Numa altura em que o país sofre com períodos de seca de longa duração, Paulo Nunes defende a aplicação de medidas mais significativas, visto que, após tanta sensibilização e formação não existem resultados práticos: “É preciso maior eficácia, a implementar pelo Regulador”. No entender do responsável, as entidades gestoras deveriam ser incentivadas a apresentar resultados ao nível da melhoria da eficiência hídrica: “Digo incentivadas para não dizer obrigadas, mas a pensar numa lógica de premiar as entidades com melhores resultados e penalizar aquelas que sistematicamente não evoluem, muitas apenas porque não querem evoluir. Acho que o contrário não é justo. Acredito que a motivação pode ser o motor da eficiência. E, quando passar a haver consequências face à ineficiência, estou convencido que grande parte das entidades gestoras adotará outra atitude, mais responsável”. Em suma, “a aposta deve ser feita na promoção da melhoria da eficiência, evitando assim a adoção de outras medidas que já vêm sendo faladas, tais como investimentos em dessalinizadoras e novas barragens, soluções que obrigarão a custos muito mais elevados e ambientalmente mais impactantes”, sustenta.
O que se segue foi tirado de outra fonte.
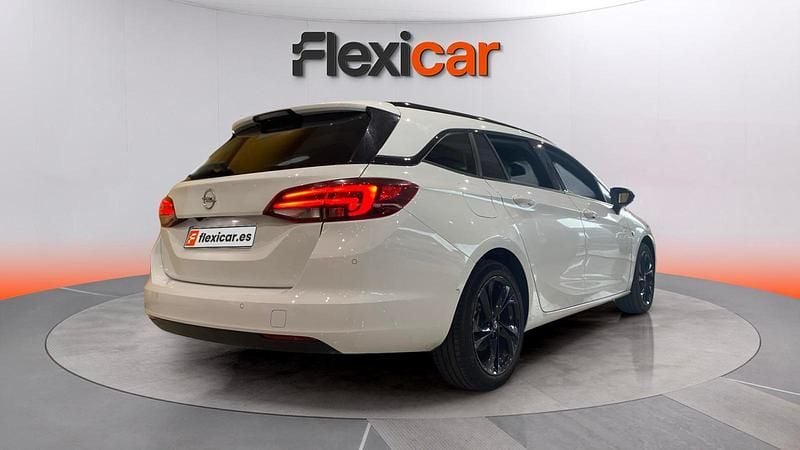 Usado Opel Astra Ultimate 122 HP (89 kW) 2021 Branco Carrinha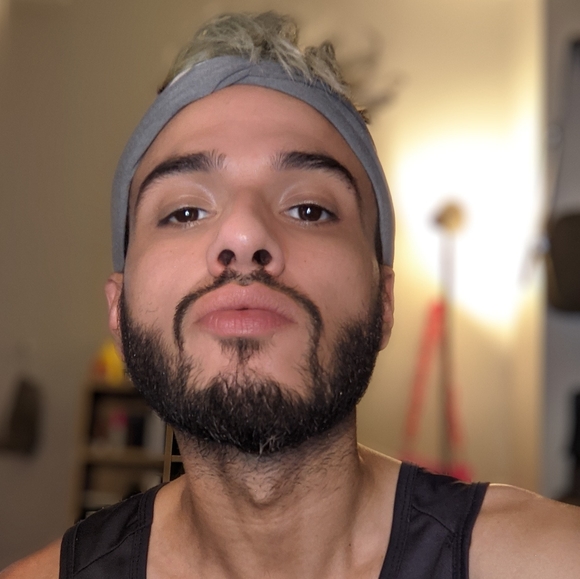 Profile Picture of David Rivera (@davidanthoni35) on Poshmark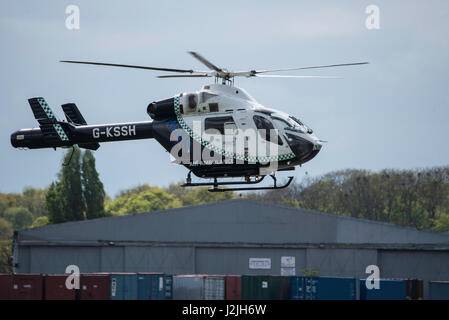 Air Ambulance MD-900 Explorer arrive sur terre à North Weald airfield Banque D'Images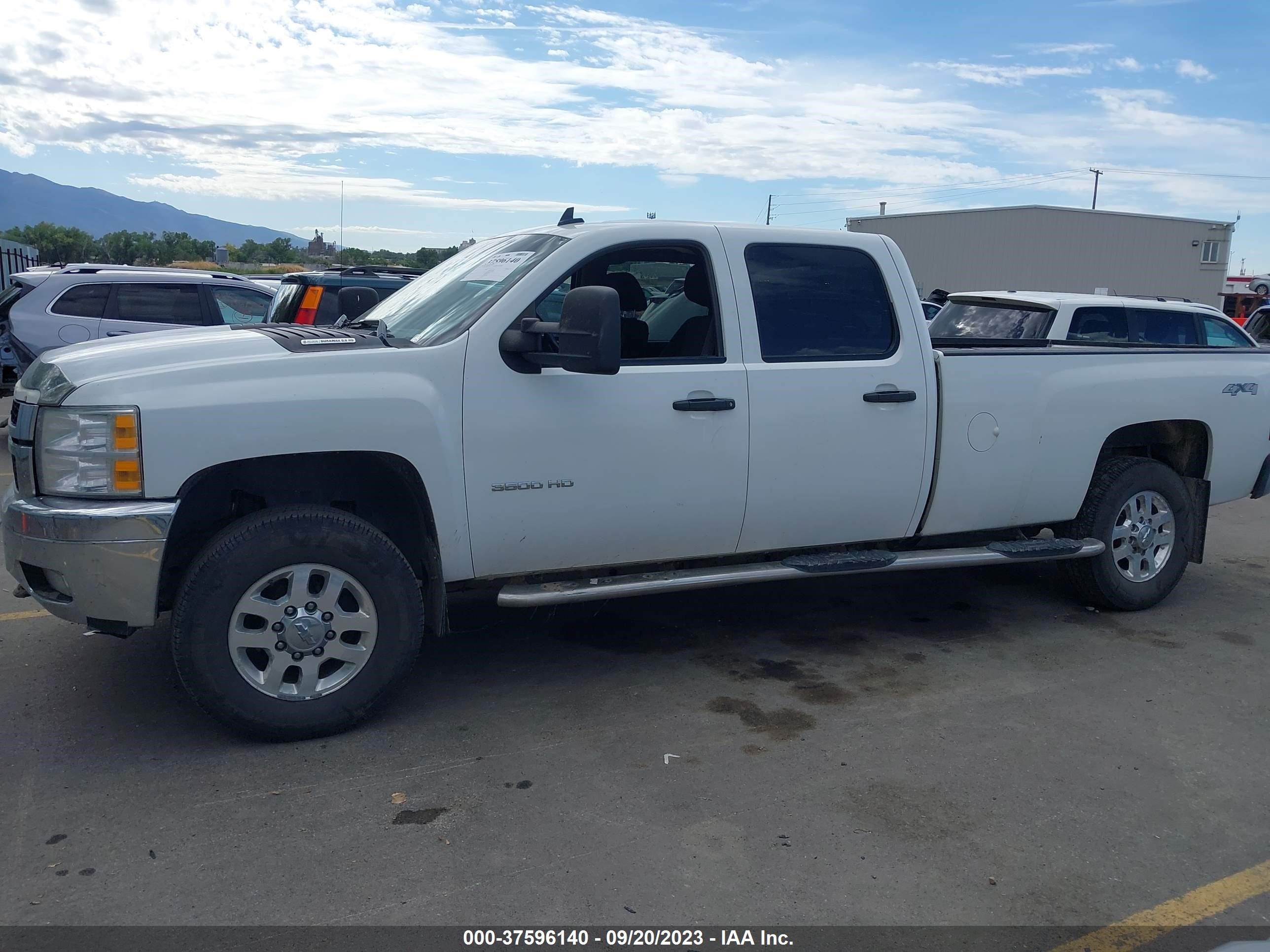 Photo 13 VIN: 1GC4K0C81DF131759 - CHEVROLET SILVERADO 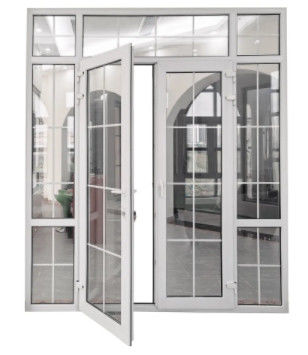 Excelente aislamiento puerta seccional de aluminio para paneles de vidrio vidrio transparente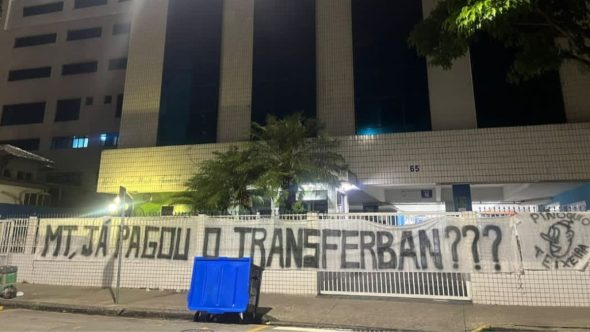 Torcedores protestam contra Marcelo Teixeira em frente à universidade, em Santos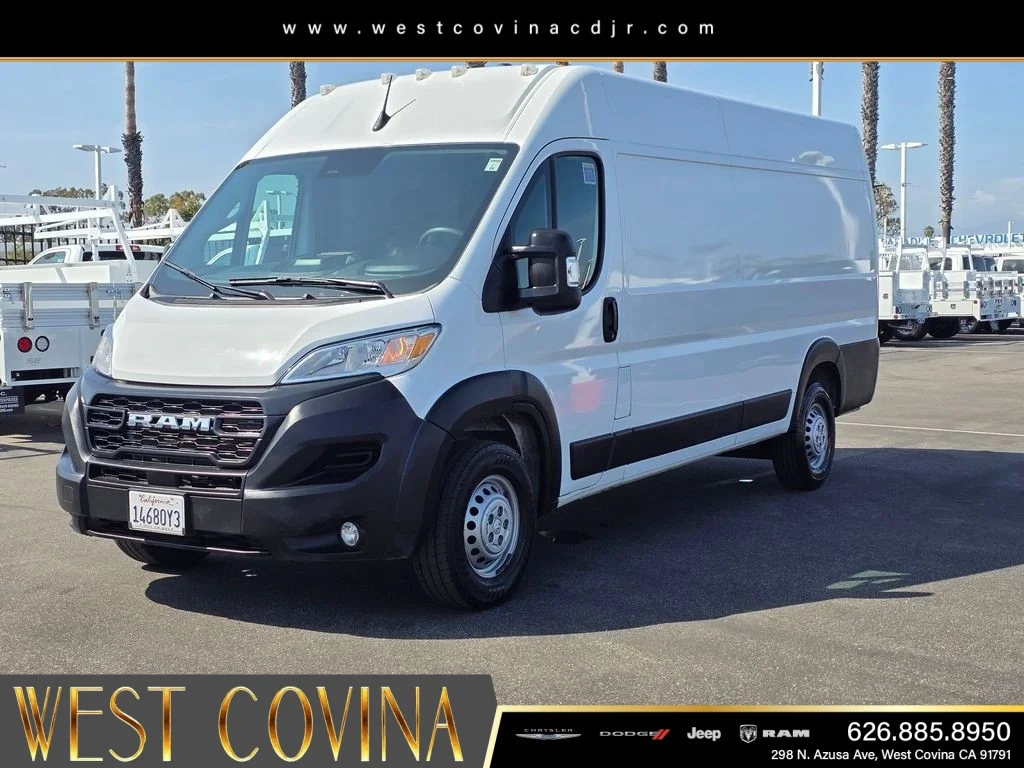 Used 2025 White Ram High Roof image 33
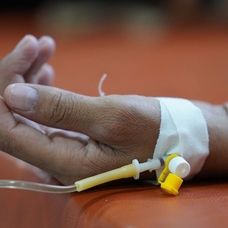 Yemen'in Taiz kentindeki en büyük devlet hastanesi yakıt krizi nedeniyle hizmet dışı kaldı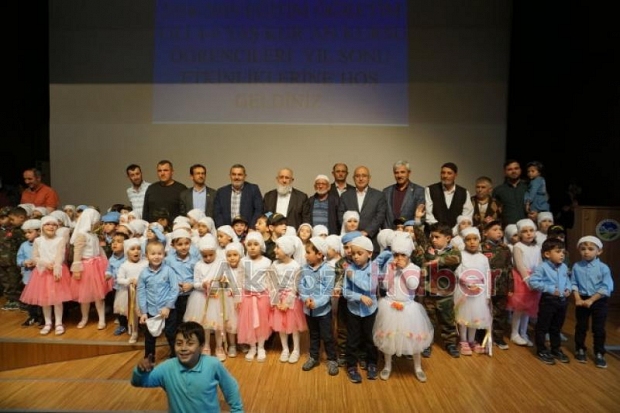 Miniklerin Yıl Sonu Gösterisi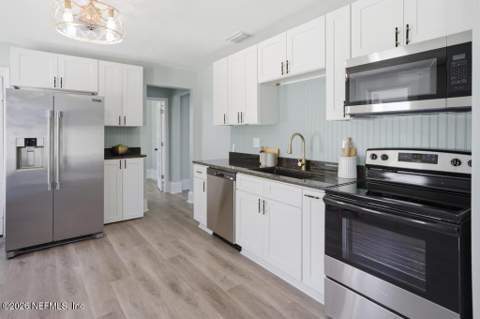 1825 Perry Street, Jacksonville FL - photo 15 of 80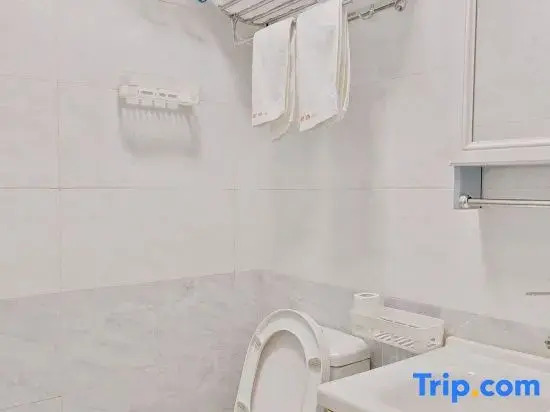 Shuoguochao Hotel (Beijing Daxing Huangcun West Street Subway Station)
Questionado sobre a prestação de Santo Tirso no que às perdas de água diz respeito, Paulo Nunes afirma que é um Município, tal como o de Trofa, com resultados de topo do ranking dos sistemas de abastecimento de água mais eficientes: “(Aliás), foi esta uma das razões que nos levou a selecionar Santo Tirso como local para o nosso Encontro”. Será, assim, uma “oportunidade para a INDAQUA Santo Tirso/Trofa, como entidade gestora local, partilhar a sua experiência e explicar de que forma conseguiu atingir um grau de eficiência tão elevado”, com valores de “água não faturada abaixo dos 10%” e que se mantêm estáveis há vários anos: “Níveis de eficiência desta ordem, constantes no tempo, exigirão certamente uma metodologia de trabalho muito bem estruturada, que certamente interessará conhecer”. Tendo em consideração que “este sistema de abastecimento é de pequena dimensão”, permite concluir que “os resultados de excelência não são apenas possíveis atingir em entidades gestoras de grande dimensão ou com agregações que introduzam um efeito de escala (…) essa ideia, aplicada às perdas de água, está errada”. E como diz o tema do Encontro, “a redução das perdas de água é um desafio ao alcance de todos, sem exceção, pequenos ou grandes”, fundamenta.
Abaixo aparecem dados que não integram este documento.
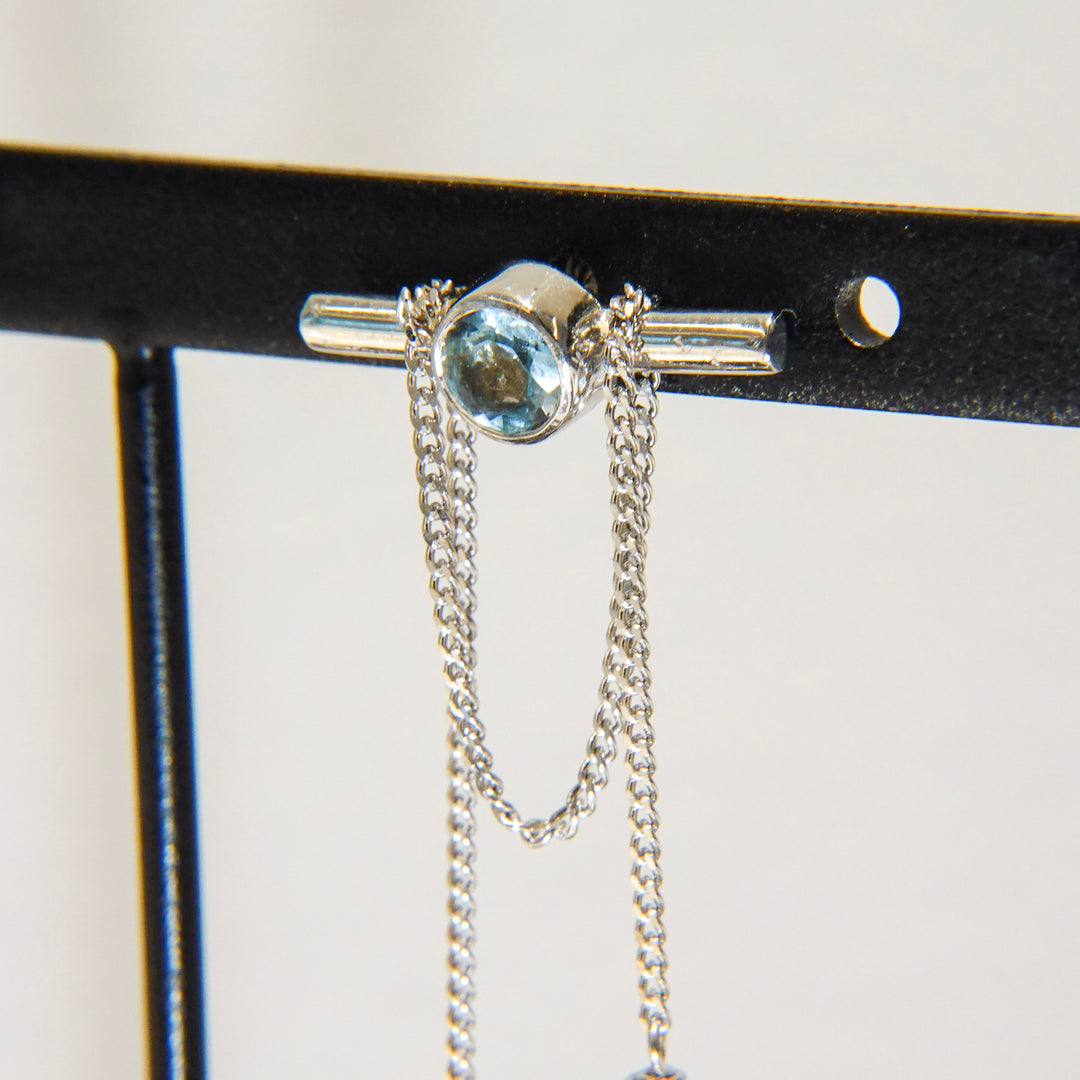 Axis earring with pearl chain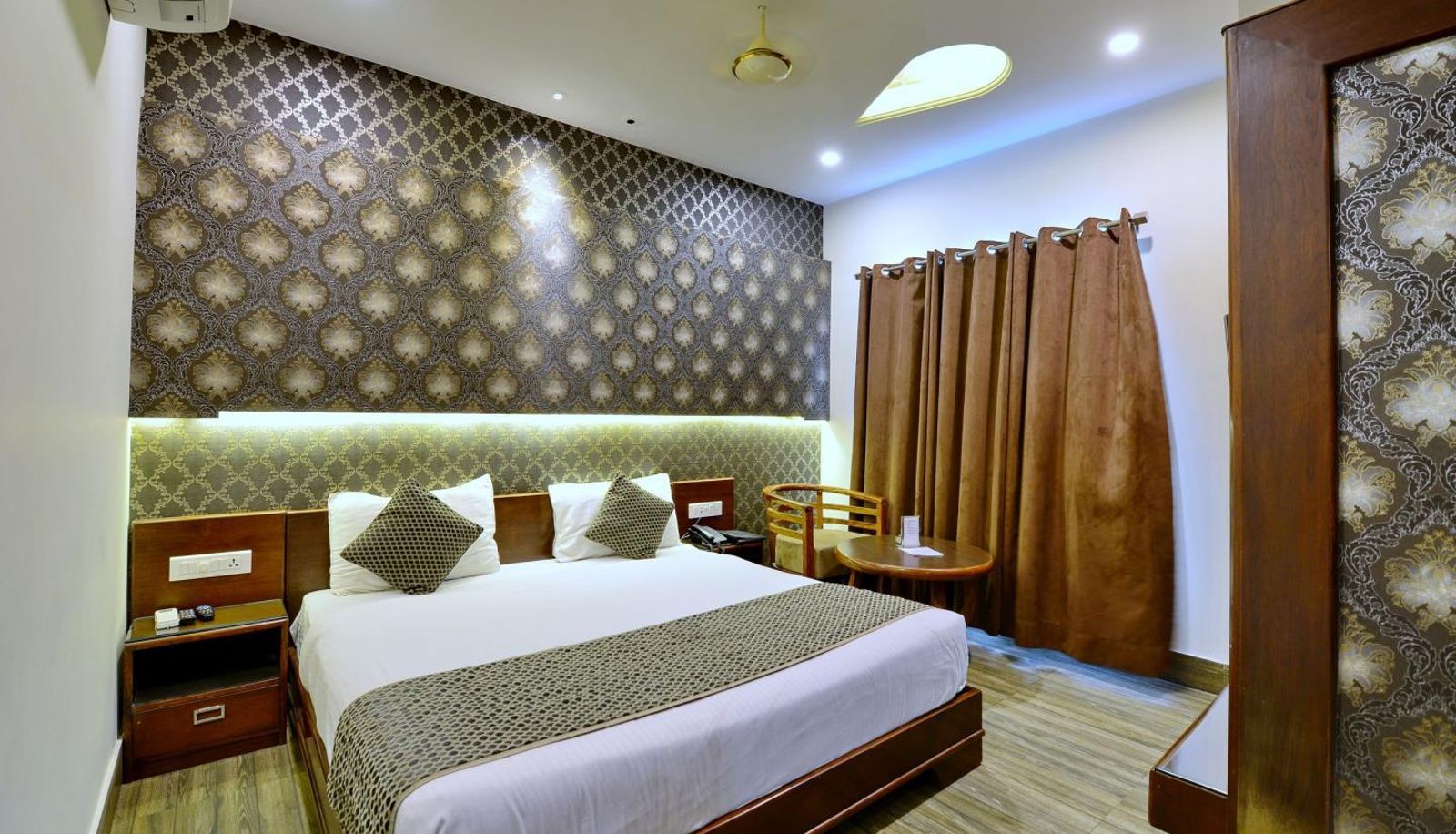 Superior room (single) - Gopinath The Grand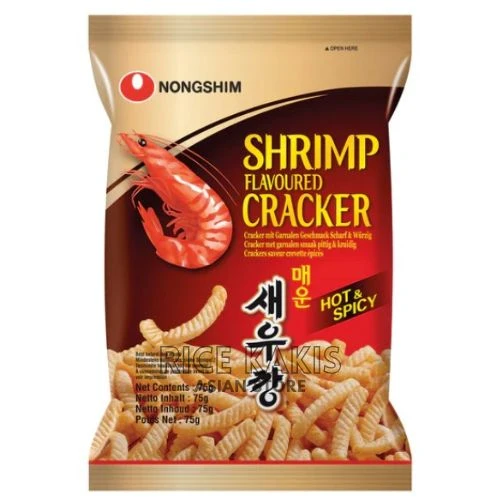 Nongshim Shrimp Crackers Hot & Spicy 75g, hrskavi krekeri s okusom kozica i pikantnim začinima, idealni za ljubitelje intenzivnih okusa.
Tendo em conta que as perdas de água são ainda um desafio, perceber qual tem sido o papel da CESDA para reverter a situação, foi uma das questões levantadas a Paulo Nunes: “Na sua missão de partilhar o conhecimento baseado na experiência dos seus membros, em prol dos associados da APDA e do setor em geral, a CESDA tem definida uma série de objetivos que são um forte contributo para que as entidades gestoras melhorem o seu desempenho no âmbito da redução das perdas de água”. E este Encontro é um exemplo diss mesmo: “Nesses objetivos cabe a promoção do debate de temas emergentes relativos ao abastecimento de água, bem como a organização e participação em eventos para apresentação de trabalhos e partilha de conhecimento”.
Dos contributos que presta, Paulo Nunes relembra que a CESDA tem elaborado variada documentação técnica no âmbito da gestão dos sistemas de abastecimento de água, colocada ao dispor do setor e do público em geral através do site da APDA. Para além disso, tem disponibilizado algumas ferramentas de apoio à gestão dos sistemas de abastecimento de água e à análise do estado do setor, como por exemplo, na área da gestão dos contadores e através do SIIPA, ferramenta que permite a análise dos indicadores de perdas de água publicados anualmente pela ERSAR.
Assumindo que “a redução das perdas de água é um tema de extrema importância e urgência, os atuais 30 membros da CESDA têm-lhe dedicado muito do seu tempo”, principalmente na “sensibilização e formação das partes interessadas”, remata.